Eine Homepage der Gruppe war Mitte 2020 nicht mehr erreichbar gewesen. Unterschiedliche Plattformen und Foren im russischen sozialen Netzwerk VK.com dienten allerdings dazu, offen nationalsozialistische sowie aus der NSDAP-Propaganda her bekannte, judenfeindliche Inhalte zu verbreiten. Auf solchen unterschiedlichen Internet-Präsenzen des „Goyim-Netzwerkes“ wurden der Holocaust geleugnet und die Verbrechen des nationalsozialistischen Regimes verharmlost. Es wurde zur Tötung jüdischer Menschen aufgerufen.

Im Zuge der Razzia 2020 wurden laut Bundesanwaltschaft die Wohnungen der beiden mutmaßlichen Administratoren in Heerlen und Berlin sowie die von sechs weiteren Beschuldigten in Bayern, Mecklenburg-Vorpommern, Nordrhein-Westfalen, Rheinland-Pfalz und dem Saarland durchsucht. Die Männer aus Heerlen und Berlin sitzen seitdem in Untersuchungshaft. Der Heerlener war dabei im August 2020 von den niederländischen Behörden ausgeliefert worden.

Aufbau der „Internationalen Goyim Partei“

Dem Heerlener wirft die Anklagebehörde vor, dass er ab dem Jahr 2014 im Internet ein länderübergreifendes Netzwerk aufgebaut haben soll, um weltweit antisemitische Hetze zu verbreiten. Hierzu habe er bei verschiedenen Internetplattformen eine Infrastruktur aufgebaut, die aus der Seite „Internationale Goyim Partei“ (IGP), aus mindestens 29 „Goyim-Ländergruppen“ sowie aus mehreren Foren bestanden haben soll.

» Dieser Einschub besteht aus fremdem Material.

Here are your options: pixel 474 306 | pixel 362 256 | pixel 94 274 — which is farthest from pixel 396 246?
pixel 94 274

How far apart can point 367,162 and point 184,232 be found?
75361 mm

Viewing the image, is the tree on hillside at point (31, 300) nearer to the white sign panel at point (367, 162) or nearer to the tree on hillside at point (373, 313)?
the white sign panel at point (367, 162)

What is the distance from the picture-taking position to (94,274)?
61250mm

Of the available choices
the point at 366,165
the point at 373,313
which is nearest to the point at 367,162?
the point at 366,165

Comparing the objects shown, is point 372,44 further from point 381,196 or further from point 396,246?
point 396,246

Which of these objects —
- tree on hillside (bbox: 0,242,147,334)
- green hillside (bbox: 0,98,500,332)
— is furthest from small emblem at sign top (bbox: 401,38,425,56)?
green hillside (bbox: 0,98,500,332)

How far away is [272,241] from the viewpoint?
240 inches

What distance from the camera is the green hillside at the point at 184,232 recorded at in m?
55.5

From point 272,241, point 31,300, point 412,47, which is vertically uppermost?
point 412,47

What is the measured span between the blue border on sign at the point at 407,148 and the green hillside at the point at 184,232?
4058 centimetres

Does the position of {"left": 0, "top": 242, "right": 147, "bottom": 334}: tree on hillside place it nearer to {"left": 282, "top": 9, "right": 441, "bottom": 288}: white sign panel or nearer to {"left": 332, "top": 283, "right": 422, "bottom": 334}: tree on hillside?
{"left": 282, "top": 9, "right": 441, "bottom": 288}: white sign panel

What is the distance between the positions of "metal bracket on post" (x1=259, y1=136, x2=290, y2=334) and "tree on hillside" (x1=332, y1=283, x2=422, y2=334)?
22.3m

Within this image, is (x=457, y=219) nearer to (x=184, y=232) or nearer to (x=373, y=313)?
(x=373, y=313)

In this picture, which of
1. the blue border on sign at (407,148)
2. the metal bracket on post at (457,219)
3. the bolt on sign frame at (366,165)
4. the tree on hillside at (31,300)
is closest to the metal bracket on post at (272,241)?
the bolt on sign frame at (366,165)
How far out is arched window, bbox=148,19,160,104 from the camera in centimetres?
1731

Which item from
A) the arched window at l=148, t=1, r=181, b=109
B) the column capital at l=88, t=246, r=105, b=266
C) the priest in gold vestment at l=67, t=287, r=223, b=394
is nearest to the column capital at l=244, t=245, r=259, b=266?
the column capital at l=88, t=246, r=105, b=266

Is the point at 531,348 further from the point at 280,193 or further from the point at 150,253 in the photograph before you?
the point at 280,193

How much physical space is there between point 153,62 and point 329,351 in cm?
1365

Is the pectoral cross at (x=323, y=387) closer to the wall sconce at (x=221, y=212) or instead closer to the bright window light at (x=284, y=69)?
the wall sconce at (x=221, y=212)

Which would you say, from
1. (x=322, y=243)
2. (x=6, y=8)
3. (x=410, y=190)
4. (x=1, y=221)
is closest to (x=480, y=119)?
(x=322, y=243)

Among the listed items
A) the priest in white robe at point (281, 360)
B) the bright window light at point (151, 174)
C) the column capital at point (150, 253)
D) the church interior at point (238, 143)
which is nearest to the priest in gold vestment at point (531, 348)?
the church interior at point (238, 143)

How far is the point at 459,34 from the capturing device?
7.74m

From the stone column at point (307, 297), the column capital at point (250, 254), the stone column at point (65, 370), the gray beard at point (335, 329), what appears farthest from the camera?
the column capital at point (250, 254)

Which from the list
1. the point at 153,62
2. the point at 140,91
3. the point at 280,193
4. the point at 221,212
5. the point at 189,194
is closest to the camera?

Betreiber der Plattformen sperrten oder löschten indes Seiten, Kanäle und Foren wieder. 2016 wurde dann auf VK.com eine ähnliche Struktur aufgebaut. Parallel zum Aufbau dieser technischen Infrastruktur soll eine reale Vereinigung gegründet worden sein, um fortan gemeinsam das „Goyim-Netzwerk“ betreiben und administrieren zu können. Mitte 2020 waren am Tag der Festnahmen und Hausdurchsuchungen noch mehrere Seiten und Foren bei VK.com abrufbar. Aktuell findet man dort nur noch Reste des Netzwerkes, etwa Profile und Foren von den seit rund einem Jahr inaktiven Ländergruppen in Kanada, Neuseeland, Indien oder Kolumbien. Online sind auch noch eine „Mediathek“ und eine „Dating Community“ des „Goyim-Netzwerks“.

Die Internationale des Antisemitismus

Bisher sind laut Oberlandesgericht Düsseldorf für den Prozess dreißig Verhandlungstage bis Januar 2022 terminiert. Schon jetzt zeigen die Ermittlungen gleichwohl, dass der Hass auf Jüdinnen und Juden politische Aktivist*innen mit sehr unterschiedlichen Lebensläufen verbunden hat (siehe dazu auch: Nationalismus, Rassismus und Antisemitismus in der Migrations-Gesellschaft Aachens). So berichtete der „Tagesspiegel“ über den nun angeklagten Berliner, dieser sei „schon vor Jahren in der Szene der Berliner Neonazis unterwegs“ gewesen und sei als Mann mit langen Haaren „mit seinem Fanatismus von den meist kahlköpfigen ‚Kameraden‘ akzeptiert“ worden.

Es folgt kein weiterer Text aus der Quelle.